= GIVEN DATA =

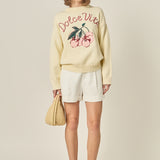 Dolce Vita Knit Sweater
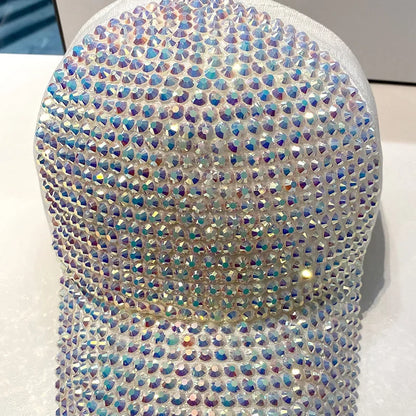 Summer Women's Baseball Cap Spring Autumn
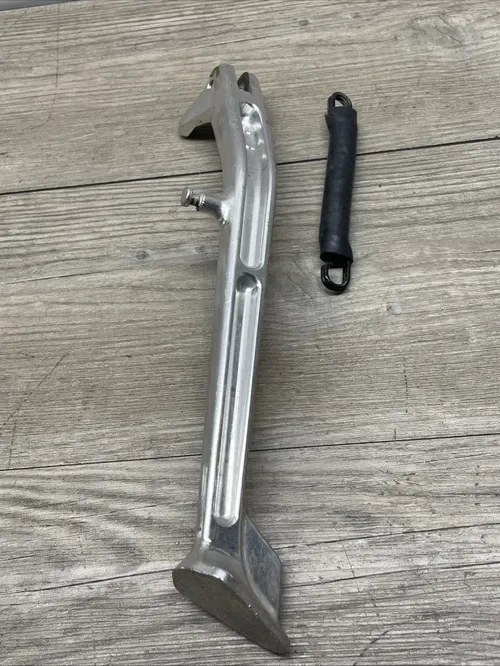 2021-2024 KTM 1290 SUPER ADVENTURE R BILLET KICK STAND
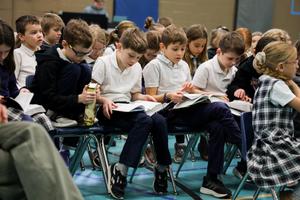 Catalyst Christian School Photo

= TASK STATEMENT =
Your answer must be the lines from the one containing "Summer Women's Baseball Cap Spring Autumn" through the last line of the listing above, restated word for word, with no pictures.

= TASK RESULT =
 Summer Women's Baseball Cap Spring Autumn
 2021-2024 KTM 1290 SUPER ADVENTURE R BILLET KICK STAND
 Catalyst Christian School Photo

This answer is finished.